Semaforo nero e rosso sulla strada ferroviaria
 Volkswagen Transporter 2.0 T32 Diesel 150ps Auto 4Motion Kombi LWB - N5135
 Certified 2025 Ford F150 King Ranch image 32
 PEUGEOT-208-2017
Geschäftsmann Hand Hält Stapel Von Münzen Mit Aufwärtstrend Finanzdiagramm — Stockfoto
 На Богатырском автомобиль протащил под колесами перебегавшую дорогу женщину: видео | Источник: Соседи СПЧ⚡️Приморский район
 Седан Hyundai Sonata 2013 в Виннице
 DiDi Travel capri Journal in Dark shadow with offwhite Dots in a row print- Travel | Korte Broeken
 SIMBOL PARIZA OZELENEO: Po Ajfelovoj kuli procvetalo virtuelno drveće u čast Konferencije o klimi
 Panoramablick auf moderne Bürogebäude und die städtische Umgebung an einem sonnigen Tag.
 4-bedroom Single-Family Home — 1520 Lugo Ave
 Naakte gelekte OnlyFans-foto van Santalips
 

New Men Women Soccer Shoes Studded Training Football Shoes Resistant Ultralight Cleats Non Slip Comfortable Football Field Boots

::::::::::

▸ Exercise description: The answer must consist of every entry, set down exactly as given.

▸ Reply to the task:
Semaforo nero e rosso sulla strada ferroviaria
 Volkswagen Transporter 2.0 T32 Diesel 150ps Auto 4Motion Kombi LWB - N5135
 Certified 2025 Ford F150 King Ranch image 32
 PEUGEOT-208-2017
Geschäftsmann Hand Hält Stapel Von Münzen Mit Aufwärtstrend Finanzdiagramm — Stockfoto
 На Богатырском автомобиль протащил под колесами перебегавшую дорогу женщину: видео | Источник: Соседи СПЧ⚡️Приморский район
 Седан Hyundai Sonata 2013 в Виннице
 DiDi Travel capri Journal in Dark shadow with offwhite Dots in a row print- Travel | Korte Broeken
 SIMBOL PARIZA OZELENEO: Po Ajfelovoj kuli procvetalo virtuelno drveće u čast Konferencije o klimi
 Panoramablick auf moderne Bürogebäude und die städtische Umgebung an einem sonnigen Tag.
 4-bedroom Single-Family Home — 1520 Lugo Ave
 Naakte gelekte OnlyFans-foto van Santalips
 

New Men Women Soccer Shoes Studded Training Football Shoes Resistant Ultralight Cleats Non Slip Comfortable Football Field Boots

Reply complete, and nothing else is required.